Coffee

May 21, 2014

It’s hiding in a small corner of the table we’re sitting at. The wooden table has a rolling top and it has corners, and it’s hiding there. Our sense of comfort is hiding in the corner. It is begging to be found.

We are not yet ready to see it. We are not feeling comfortable and are exploring what could change that. It is a funny sensation to know that we are both looking for something, for the same thing, yet somehow it remains outside of reach. It would seem the fair thing to just say out loud what we want, but that is not our social contract. We are going to sit here and try to sense our way into comfort. We are clumsy like that.

Coffee helps. Coffee is a cloak for shaky hands, yawns, moments of quiet repose, an excuse for banality, more excuses. So we both have some coffee.

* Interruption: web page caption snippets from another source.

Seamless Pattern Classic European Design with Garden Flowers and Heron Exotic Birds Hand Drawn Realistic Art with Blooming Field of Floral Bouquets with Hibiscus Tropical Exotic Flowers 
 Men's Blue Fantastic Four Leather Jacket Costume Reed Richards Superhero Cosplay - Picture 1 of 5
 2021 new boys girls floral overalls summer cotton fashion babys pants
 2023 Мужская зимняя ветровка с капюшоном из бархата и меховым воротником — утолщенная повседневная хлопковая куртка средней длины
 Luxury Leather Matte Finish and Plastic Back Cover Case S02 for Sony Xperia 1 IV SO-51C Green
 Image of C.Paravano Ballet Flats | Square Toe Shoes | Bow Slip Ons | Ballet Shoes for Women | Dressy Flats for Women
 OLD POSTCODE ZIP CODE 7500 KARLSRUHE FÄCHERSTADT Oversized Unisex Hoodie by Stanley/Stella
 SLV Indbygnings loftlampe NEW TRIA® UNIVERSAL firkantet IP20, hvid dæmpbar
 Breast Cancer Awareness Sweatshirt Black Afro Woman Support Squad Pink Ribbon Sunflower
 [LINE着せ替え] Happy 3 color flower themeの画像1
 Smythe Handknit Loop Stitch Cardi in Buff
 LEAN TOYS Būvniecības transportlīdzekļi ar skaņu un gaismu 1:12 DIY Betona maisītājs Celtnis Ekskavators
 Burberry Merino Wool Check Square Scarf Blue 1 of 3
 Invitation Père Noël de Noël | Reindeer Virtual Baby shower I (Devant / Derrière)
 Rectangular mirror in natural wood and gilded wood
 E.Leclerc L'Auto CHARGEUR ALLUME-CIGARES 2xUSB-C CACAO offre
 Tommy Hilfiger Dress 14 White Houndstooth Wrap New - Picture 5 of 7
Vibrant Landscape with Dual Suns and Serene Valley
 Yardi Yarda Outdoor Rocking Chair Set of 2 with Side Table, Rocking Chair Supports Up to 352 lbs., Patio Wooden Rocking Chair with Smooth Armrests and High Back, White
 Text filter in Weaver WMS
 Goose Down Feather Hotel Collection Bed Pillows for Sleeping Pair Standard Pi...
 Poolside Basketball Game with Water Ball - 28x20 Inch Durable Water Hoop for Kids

We explore the boundaries of the social contract. You read my tweets and I worry about that. I worry whether you like them, and if you do, what it is that makes you like them. I worry whether you feel that they project a particular image of me that I don’t necessarily agree with. I feel like expressing these worries, but know that I shouldn’t. That if I would have to, that it would not truly help anyway. All this time, comfort is hiding.

It takes the cold last sips of coffee to really allow things to open up. What was awkward before has now transitioned to acclimatisation. But that means something else. Are we pleasant now because we are used to it, much like in the winter we are sympathetic with the temperature because we simply get cold ourselves? Is that not the definition of comfort? To find comfort in a situation could mean that you are simply being digested by that situation. Then whatever we do to learn to like each other is purely an exercise in adapting to the extremes that are new to us.

So if we enjoy each other’s company, does that mean that we simply accept the hostile environment we each create for one another? I sip my cold coffee and wonder if comfort truly does hide in the corner or if I am the one hiding from comfort.